Chiediamo al pittore se questo è il significato giusto. Come fa di solito, sorride, non spiega, lascia gli altri nel dubbio.
E questa volta fa solo un segno con il suo indice. Lo indirizza verso l’alto. Verso il soffitto. No, verso, il cielo. No, verso Dio. Quasi a dire che la sua arte lo ha reso degno di conoscere questo mistero.
E qui termina il viaggio nostro nel mondo di Luigi Baldacci. Non termina l’Arte del pittore che continua a farci respirare vita e sogni, mentre percorriamo i sentieri del mondo. Non termina lo stupore con cui Luigi ci saluta e ci lascia a discutere dei suoi lavori. Si è ritirato per continuare a dipingere. Questa volta non da solo, ma aiutato dall’affetto nostro e dei suoi cari. Ogni tanto si affacceranno, nel suo studiolo, la moglie attenta e premurosa, Maria, i figli Alberto e Igor, i nipotini cinguettanti Michelangelo e Jacopo, l’affettuoso nipote Licio Di Biase, la moglie Giovanna, i figli Alessandro e Giampiero, la nipote Annalisa col marito Romeo e i tre figli Mirco, Mattia e Marco; i nipoti acquisiti Cristiana, Raffaele, Daniela, Francesca, Karol, Giada.
E mi affaccerò anch’io, insieme alla mia Tania, grande ammiratrice di Luigi, per raccogliere le sempre più recenti creazioni del suo talento.

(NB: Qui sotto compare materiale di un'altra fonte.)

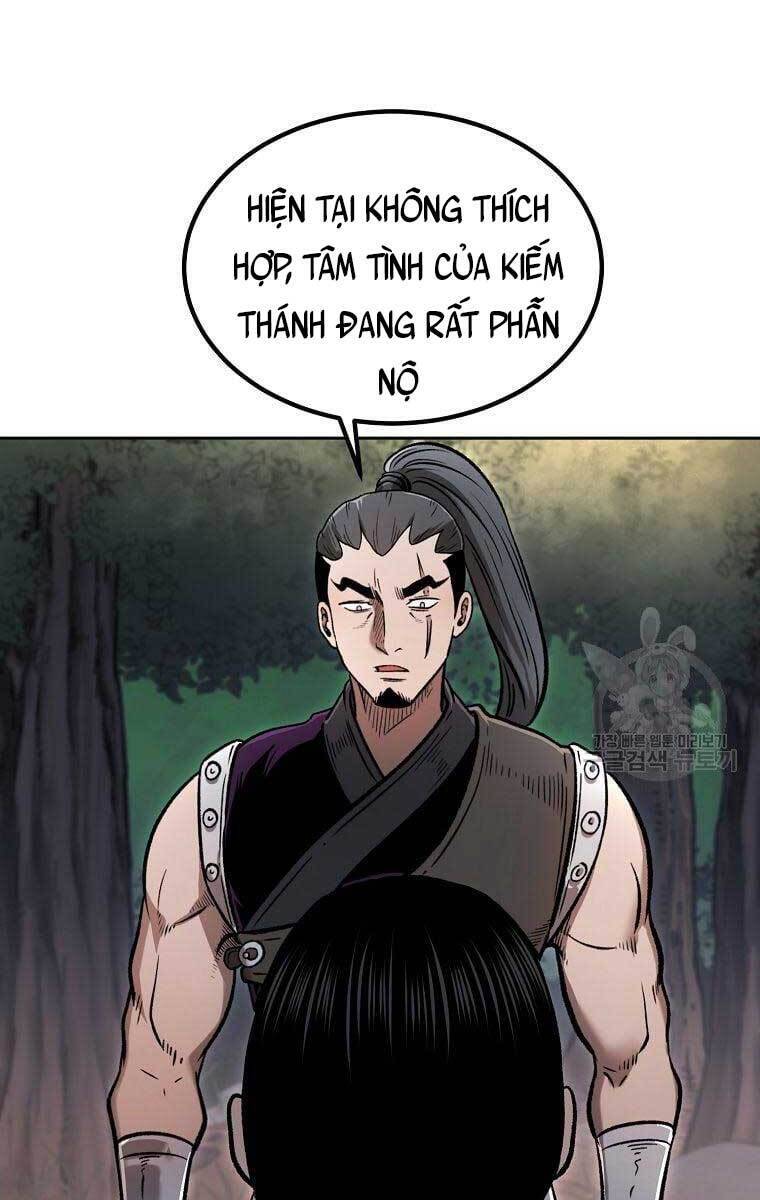 Ma Nhân Hoa Sơn Chapter 42 - 85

Intanto ho scoperto che il quadro su descritto è l’ultimo in ordine di tempo. Ho anche assistito alla sua creazione. Il pittore aveva entrambe le mani impegnate, con una seguiva i suggerimenti dell’Arte; con l’altra stringeva la mano della moglie Maria, attenta e partecipe di ogni sua evoluzione artistica ed esistenziale. Questo quadro è ancora l’ultimo da lui dipinto.
Per il momento, sembra che si sia assentato per prendere nuove ispirazioni e istruzioni, questa volta altissime, suggeritegli dall’Artefice Supremo.